The play is "not a linear, straight-forward story," says director Lisa Channer. Rather, it utilizes dream scenes and realistic moments, as well as more conceptual moments.
One of the central references that the collaborators used to create the show was Brecht and Company, a controversial 1994 book by John Fuegi which paints Brecht as a fraudster and misogynist, asserting that most of Brecht's writings were in fact written by the women that surrounded him, namely Elisabeth Hauptmann, Margarete Steffin, and Ruth Berlau.
While the book was in some ways their central reference, Channer says the more they researched, they felt it was more complicated than the way that Fuegi portrays it in his book. "It's tempting to see the women as victims of an evil maniacal man," she says. "But we were ultimately more interested in exploring the women's stories. It's a lot about the male-female dynamic, the intersection between sexual energy and creative work, and the nature of collaboration and authorship."

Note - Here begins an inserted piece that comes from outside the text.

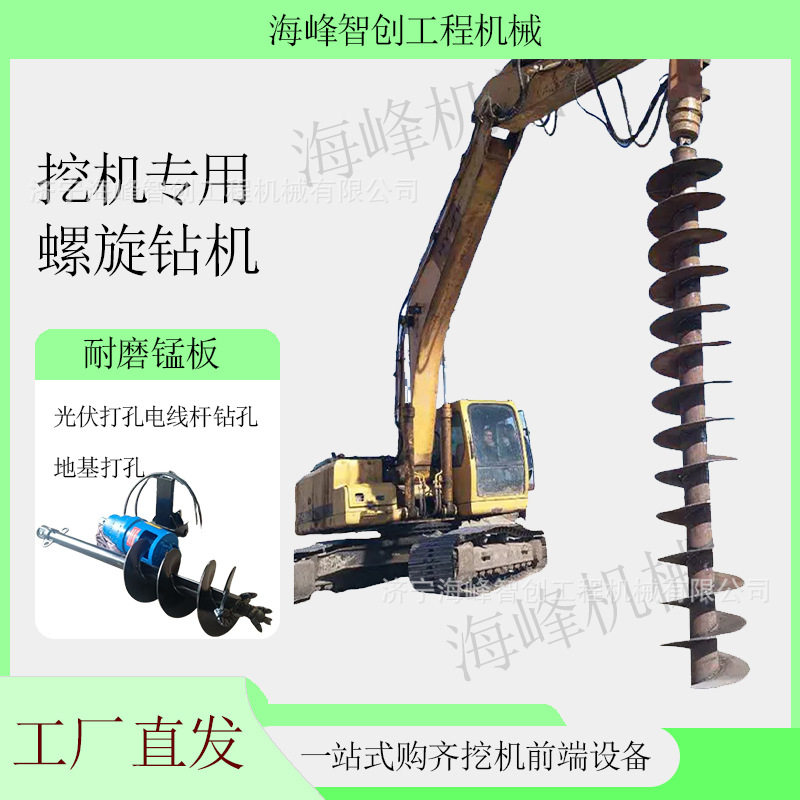 挖机改螺旋钻机电线杆打孔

In fact, while Channer has been working collaboratively for decades, she says this is the most collaborative piece she's ever done. Technically she is the director, Cory Hinkle has written the text, and Annie Enneking has composed the music, but she says all those lines have blurred among them and the cast of actors.
In developing the piece, the cast did a lot of work with objects such as Brecht's glasses, a typewriter, old telephones, and a whip that Brecht used to carry around. The artists explored physical movement and sound based on their personal relationships with the objects.

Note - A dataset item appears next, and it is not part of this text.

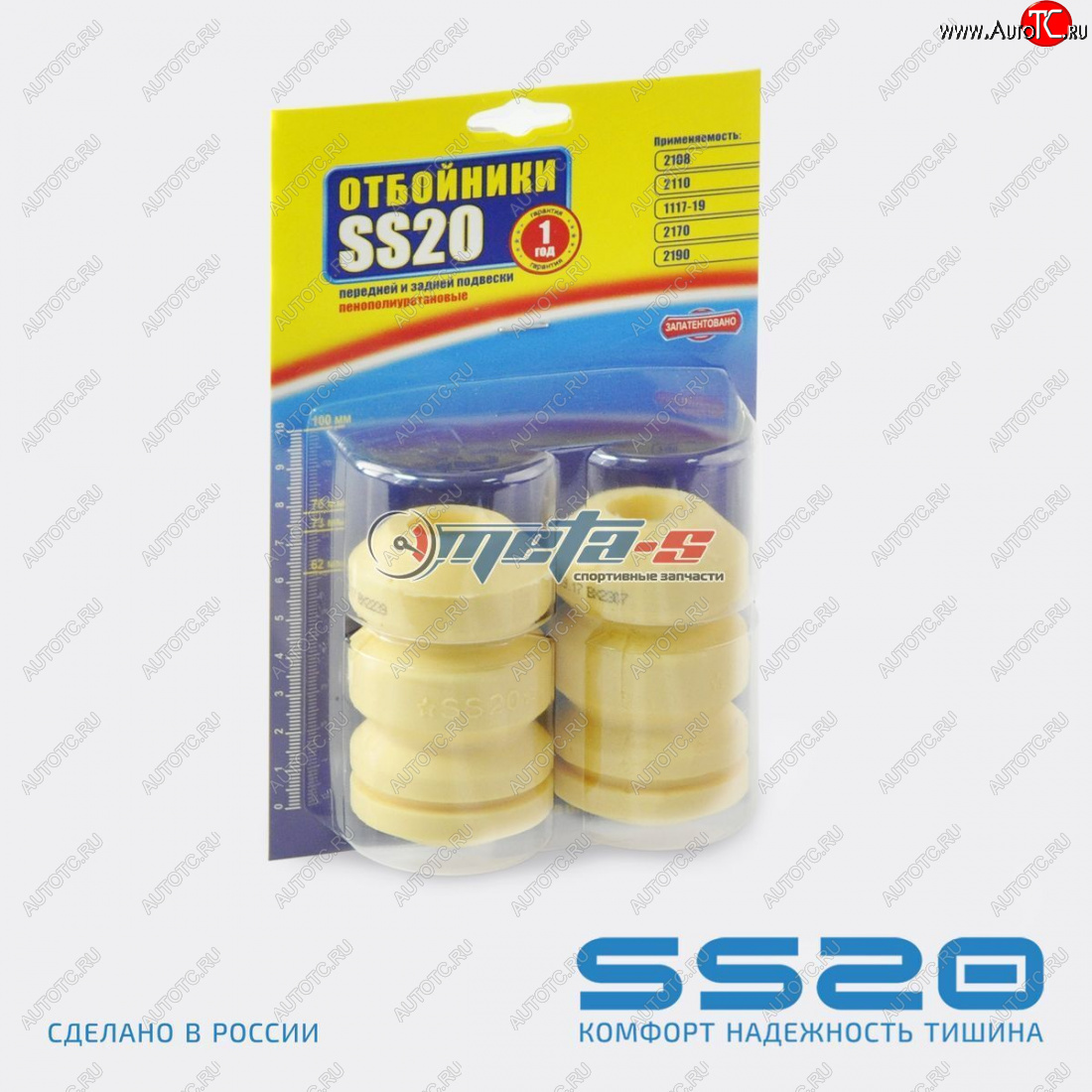 829 р. Отбойник стойки передней 2108 SS20 (Standart) SS20 ss74101  с доставкой в г. Кемерово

The objects become a kind of orchestra, creating a "conceptual rock concert" which include instruments as well. For example, noted Theatre de la Jeune Lune veteran Barbra Berlovitz will be playing the electric bass.
Pearce Bunting plays Brecht as a human, "not as a monster or a god," says Channer. However, they do explore the idea of genius. "A lot of people who worked with him accepted that they were working with someone who was exceptionally smart," she says.
The women were geniuses too, but as women, there was no way they were going to be as well known as Brecht, and so they often would allow Brecht to assume authorship, says Channer. "It's the type of feminist work that often doesn't get done. It's generous to everybody in the story."
Channer doesn't aim to bash Brecht, but they do reveal moments when he's mean, tricks people out of contracts, and dumps people who are no longer convenient. She says it might help if you know who Brecht is when you see the piece, although a few people who didn't know much about him have seen the rehearsals and have enjoyed it.